Damodaran’s approach to each of these variables is different from the traditional way of computing them and is logically sounder and here is how it is done.

Risk-free rate

Textbooks suggest using the yield on a long-term government bond in the same currency as the cash flows being discounted. For rupee cash flows, this would be the yield on the 10-year government security.

Damodaran points out a flaw here. Even sovereigns carry default risk, however remote. Hence, he suggests adjusting the sovereign yield for default risk using its credit default swap (CDS) spread. A CDS works like insurance — you pay a premium to be indemnified if the sovereign defaults. For instance, as of April 1, 2026, the CDS spread on the 10-year Indian government bond was 1.02 per cent, and the bond yield stood at 6.96 per cent. Adjusting for this spread gives a risk-free rate of 5.94 per cent. Damodaran takes this a step further. He suggests using only the incremental CDS spread over that of an Aaa-rated sovereign. The CDS spread on a 10-year Swiss government bond (Aaa-rated) was about 0.17 per cent. The incremental spread for India, therefore, works out to 0.85 per cent (1.02 minus 0.17), yielding a risk-free rate of 6.11 per cent.

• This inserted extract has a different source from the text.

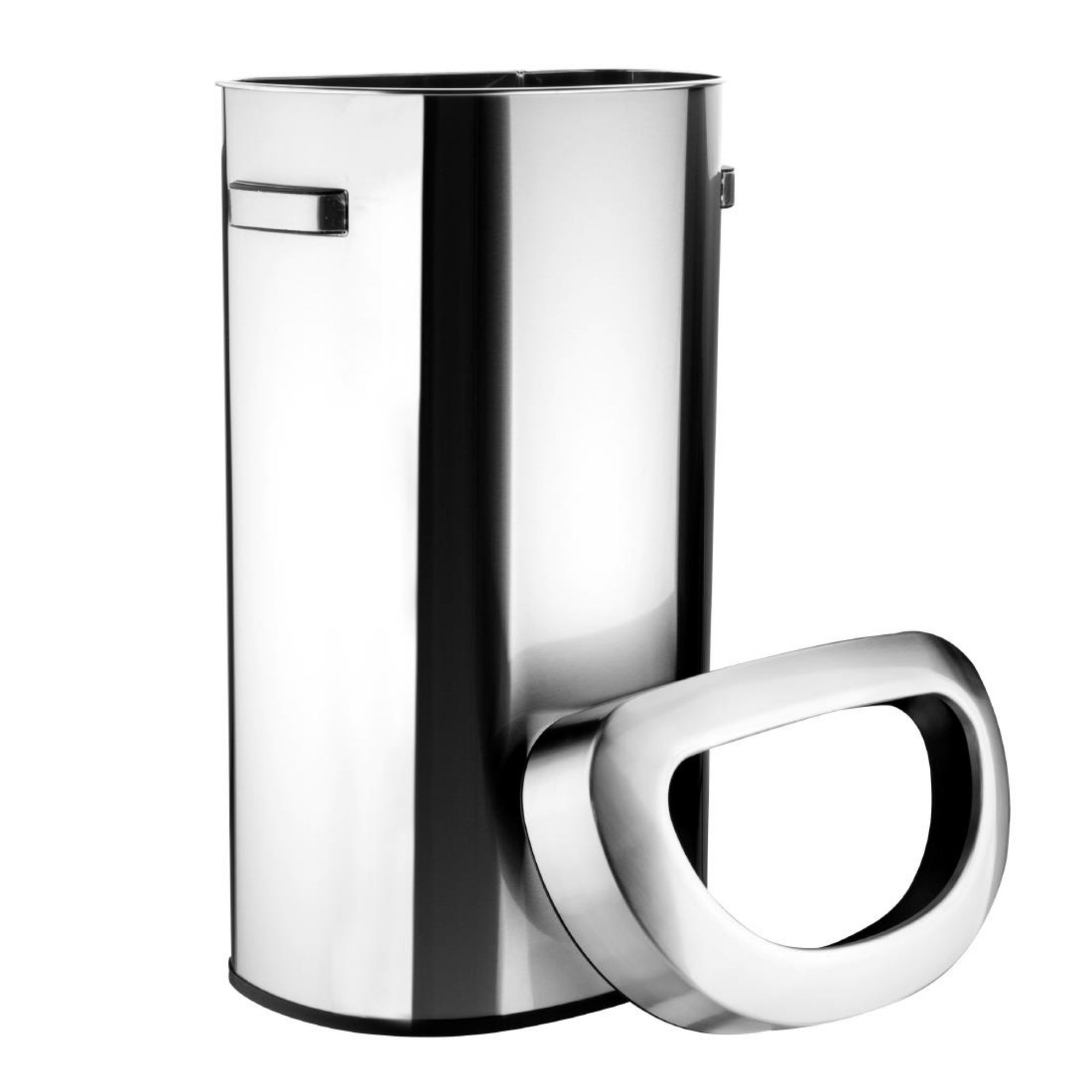 Picture of Bolero 'D' Shape Bin with Open Lid Brushed Steel 86Ltr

However, this approach is possible only if there is an active CDS market for the currency. In case of its absence, he offers an alternative — use the CDS spread of a similarly rated sovereign. India’s sovereign rating by Moody’s is Baa3, and the CDS spread for a Baa3-rated government bond then was about 2.09 per cent. Subtracting this from the Indian 10-year yield gives a risk-free rate of 4.87 per cent (6.96 minus 2.09).

Since we rely on Damodaran’s dataset (available consistently since 2001), we use this second approach in our analysis. Link to dataset > Risk Premiums for Other Markets.

Equity risk premium

ERP (Rm – Rf) measures the additional return investors demand from equities over the risk-free rate. A simple way to estimate Rm is to use historical equity returns, but this assumes the future will replicate the past.

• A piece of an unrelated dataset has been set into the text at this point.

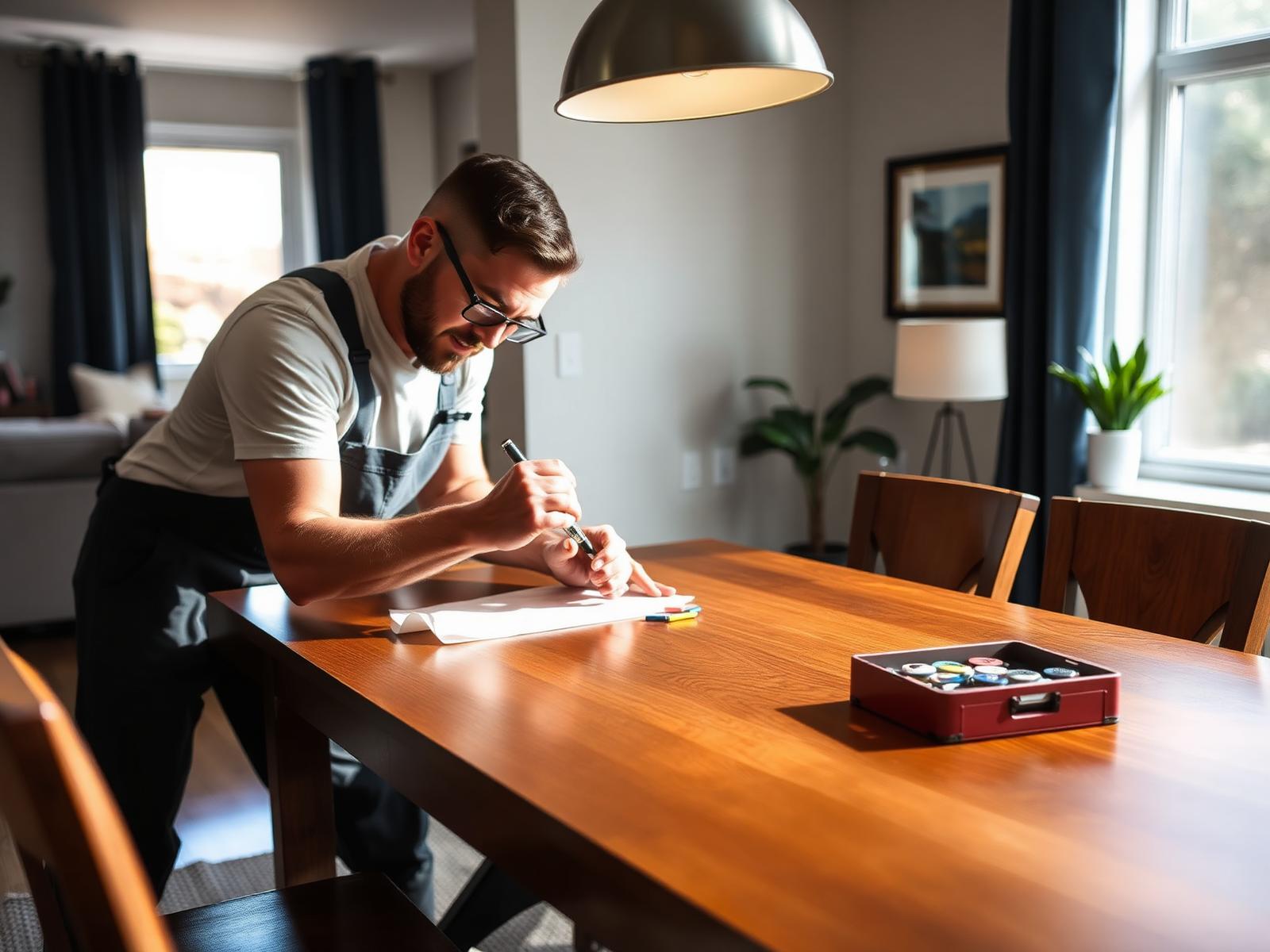 Specialist van RepairArt herstelt schade op locatie met pigmenten en gereedschap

Damodaran instead adopts a forward-looking approach, computing an internal rate of return that discounts future cash flows (dividends and buybacks) of a broad market index to its current level.

Damodaran treats ERP as a sum of two independent components:

(A) Mature market ERP — compensation for inherent risk of equities, irrespective of geography

(B) Country risk premium — compensation for operating in a specific market or geography

For the mature market, he uses the US and the S&P 500 because the index offers robust historical data and liquidity. However, since May 2025, the US is no longer an Aaa-rated sovereign and has been downgraded to Aa1. Yet Damodaran sticks to the S&P 500 with a minor additional adjustment for this rating downgrade, as there is no equivalent broader market index in other Aaa-rated countries.

Let us walk through how he calculates ERP for an emerging market like India, as of April 1, 2026, for instance.

First, for Rm, with estimates of S&P 500’s cash flows (dividends and buybacks) for the next five years and a terminal value (estimated to grow at the t-bond rate till perpetuity) Damodaran arrives at an IRR (internal rate of return) of 9.1 per cent that discounts these cash flows to the current value of the index. IRR is basically the discount rate that equates the present value of future cash flows to the current price of an asset. This forward-looking IRR serves as the Rm.

Next up, ordinarily, one would use the 10-year US Treasury yield (4.3 per cent) as the Rf. However, since the US is no longer Aaa-rated, its Treasury yield includes a rating premium over that offered by a Aaa-rated sovereign. The CDS spread for an Aa1-rated sovereign (US) was about 0.26 per cent. Adjusting for this, the true risk-free rate becomes 4.06 per cent, yielding a US ERP of 5.04 per cent (9.1 minus 4.06). However, this is still not the mature market ERP (‘A’ from above). This 5.04 per cent includes a small US-specific country risk premium (‘B’ for US) of 0.26 per cent (CDS spread). Removing this gives the pure mature market ERP, which works out to 4.78 per cent (A).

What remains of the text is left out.